Take the line that contains "NUDE L the nude" and each line after it to the end of the material below, and return them exactly, minus the pictures.

::::::

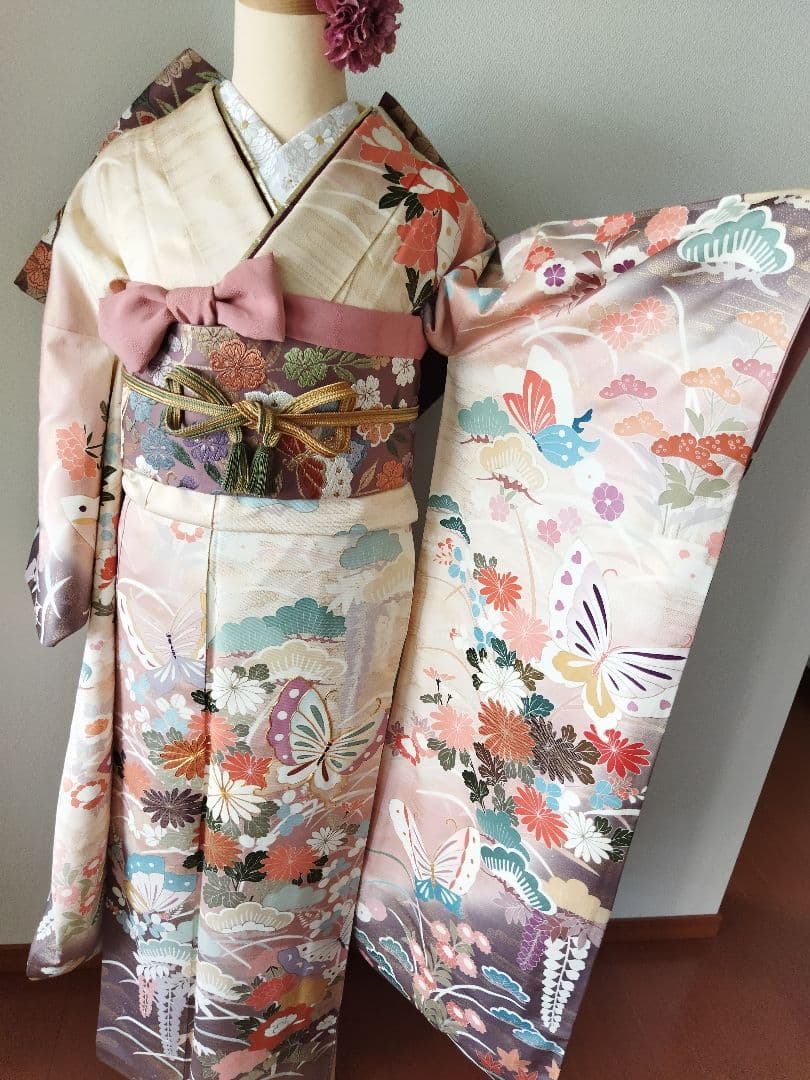 TAO様　432.可愛いくすみピンク　振袖7点セット 正絹　フルセット　成人式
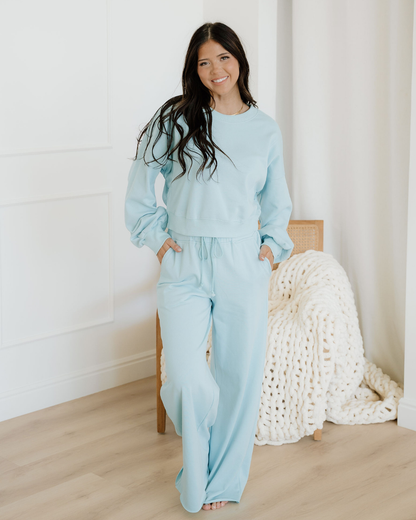 Miles Crop Pullover Drawstring Wide Leg Pants Set - Blue in Mist Blue - Blue Pullover (top)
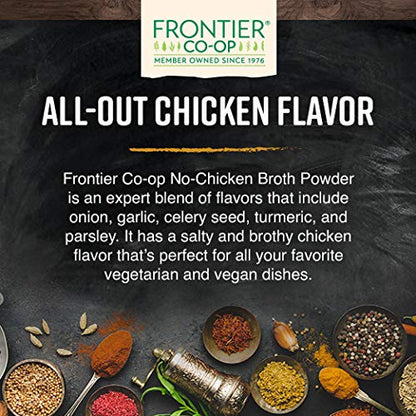 Frontier Co-op Vegetarian Broth Powder, 1lb - Vegan, No-Chicken, Veggie Alternative to Bouillon Powder - Bulk Bag, Shaker Refill, Restaurant Supply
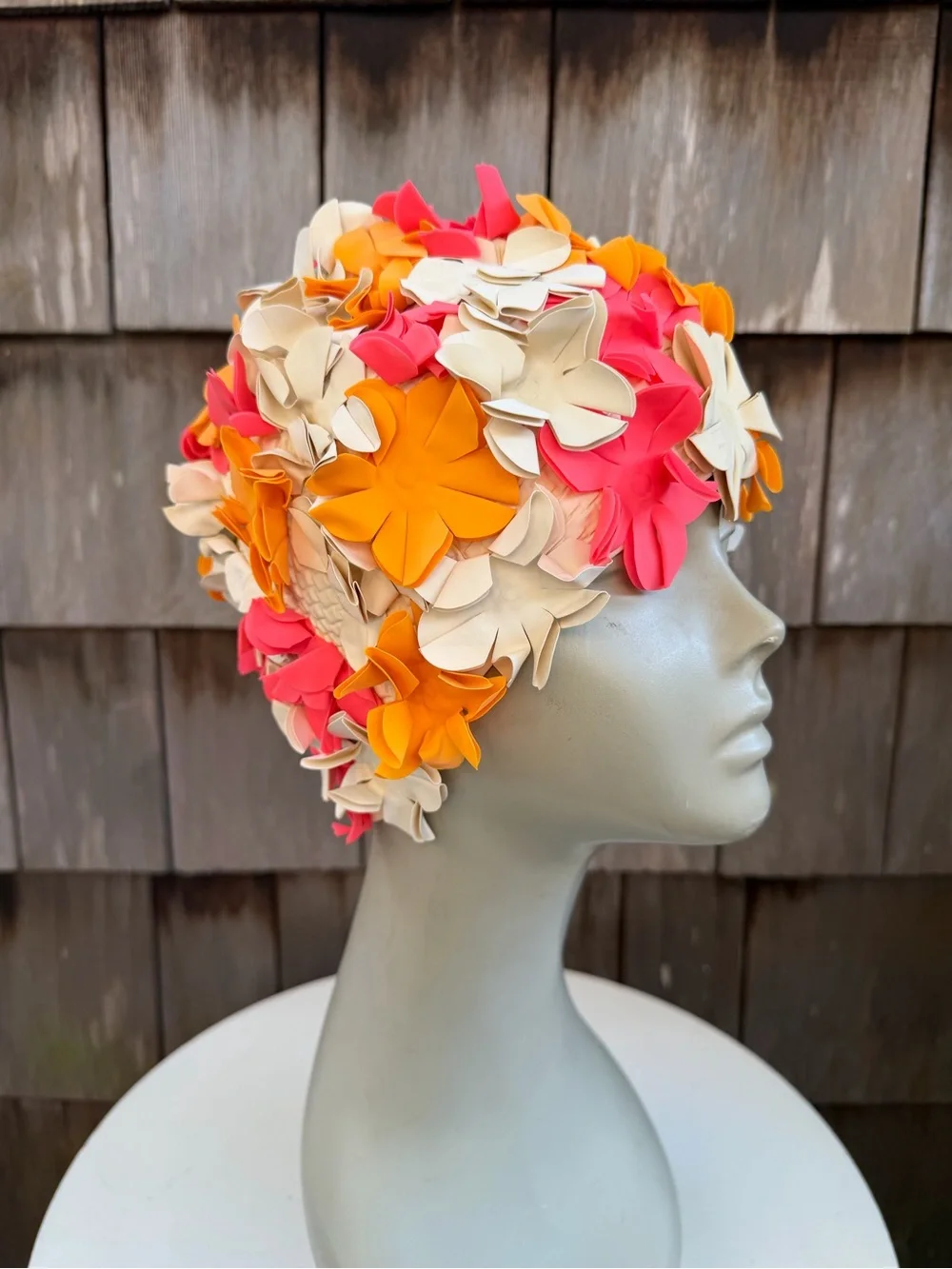Funky retro rubber swim cap 3D flowers theme one size.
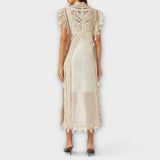 Mira  ™ ｜Tkané priesvitné organza maxikrásne šaty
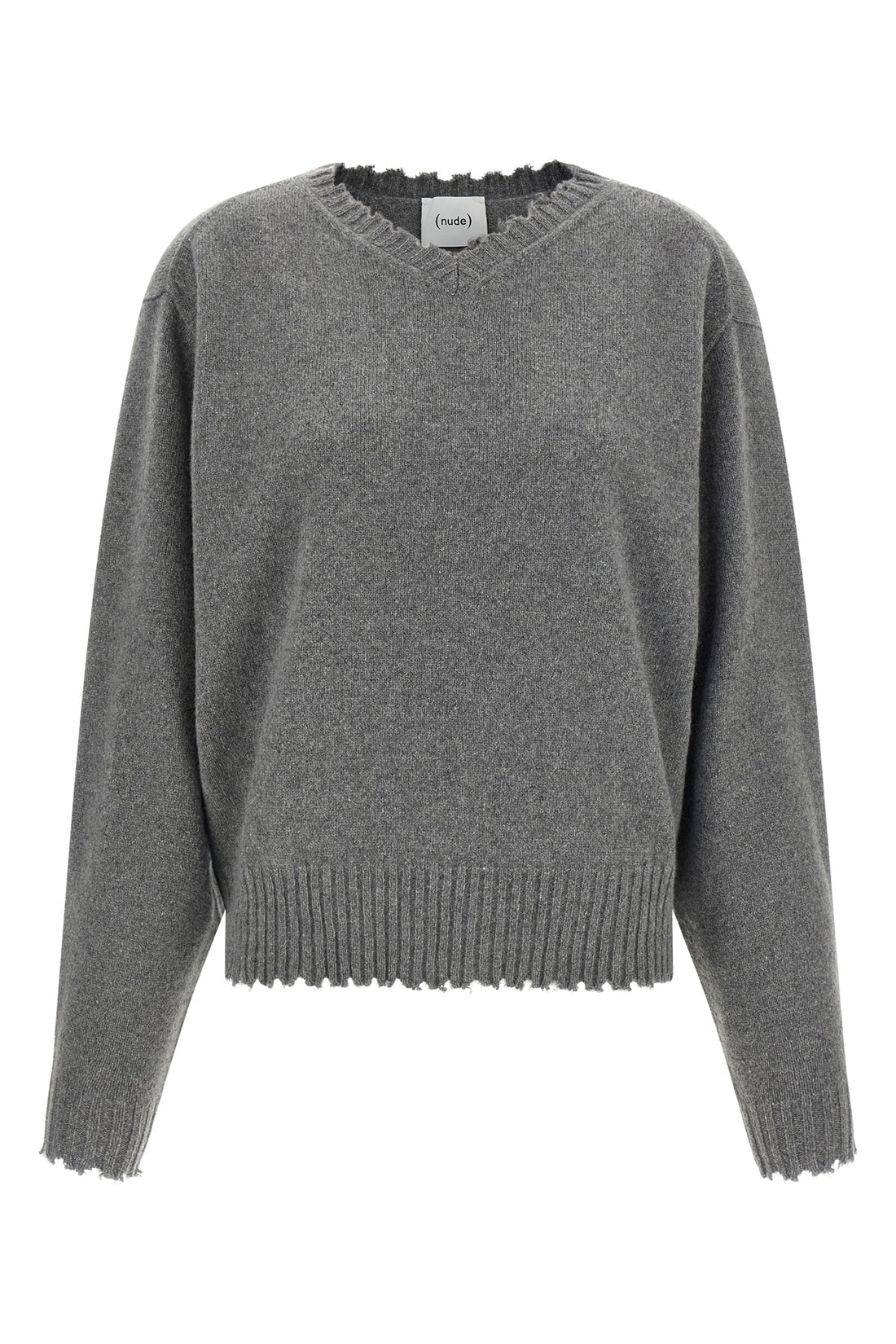 NUDE L the nude v-neck sweater redefines knitwear codes through a deconstructed aesthet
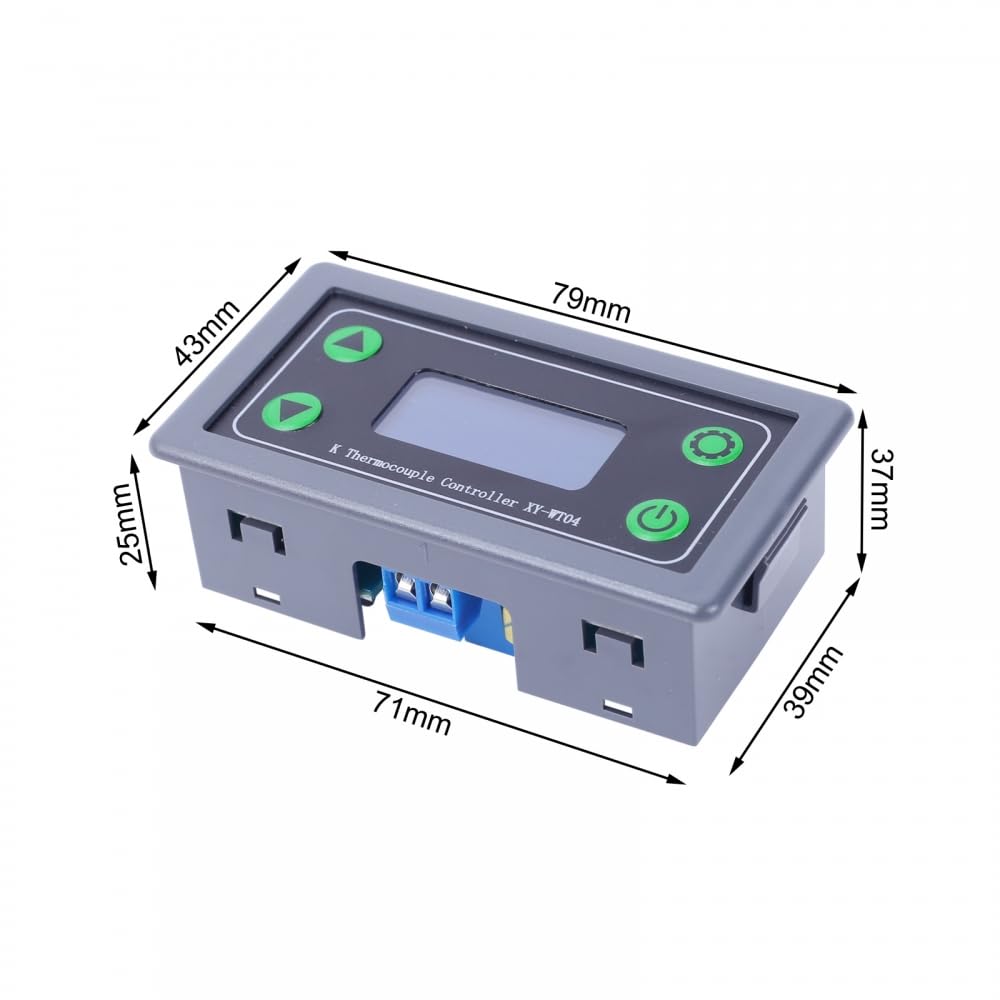 Thermostat Numérique Haute Température de Type K XY-WT04,-99-999 Degrés avec Capteur de Température a Thermocouple de Type K de 1 M,Affichage LCD,Contrôleur de Commutateur de Relais 10A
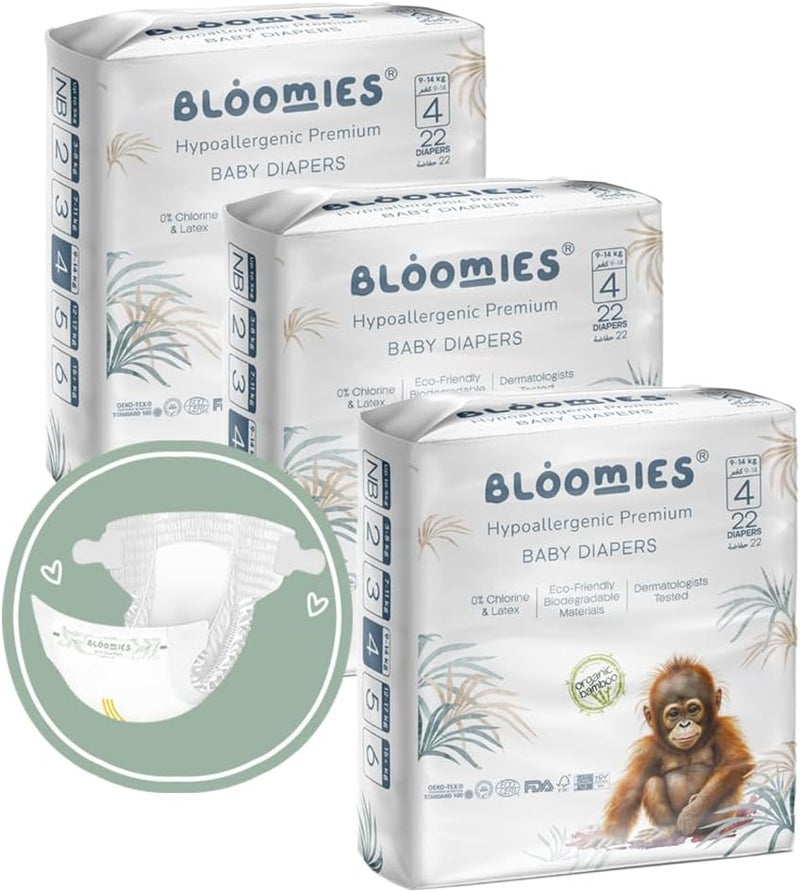 Bloomies Premium Baby Diapers Size 2,3,4, Counts 22,40,66,120, Wetness Indicator Eco-friendly and Hypoallergenic Ultra-soft Nappy Diaper Skin Friendly, Leakage Protection,100% Organic Natural Bamboo - Image 1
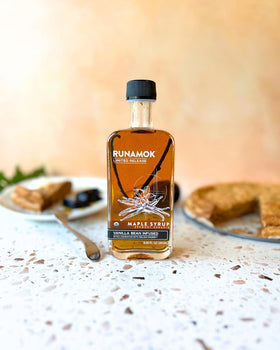 Runamok maple syrup topping on ice cream with vanilla kiss.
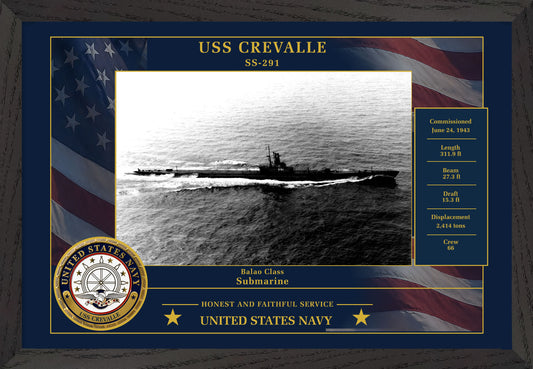 USS Crevalle SS-291 Framed Patriotic Photo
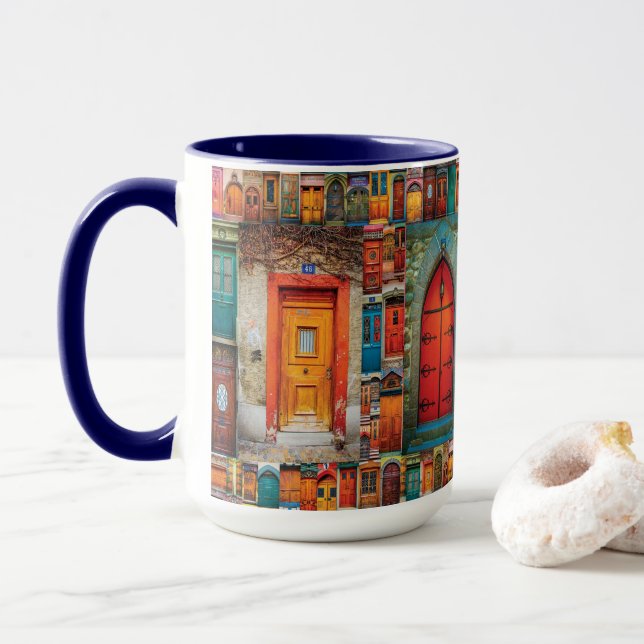 Trendy Antique International Doors Blue Modern Mug (With Donut)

::::::

THE ANSWER:
 NUDE L the nude v-neck sweater redefines knitwear codes through a deconstructed aesthet
 Thermostat Numérique Haute Température de Type K XY-WT04,-99-999 Degrés avec Capteur de Température a Thermocouple de Type K de 1 M,Affichage LCD,Contrôleur de Commutateur de Relais 10A
 Bloomies Premium Baby Diapers Size 2,3,4, Counts 22,40,66,120, Wetness Indicator Eco-friendly and Hypoallergenic Ultra-soft Nappy Diaper Skin Friendly, Leakage Protection,100% Organic Natural Bamboo - Image 1
 Runamok maple syrup topping on ice cream with vanilla kiss.
 USS Crevalle SS-291 Framed Patriotic Photo
 Trendy Antique International Doors Blue Modern Mug (With Donut)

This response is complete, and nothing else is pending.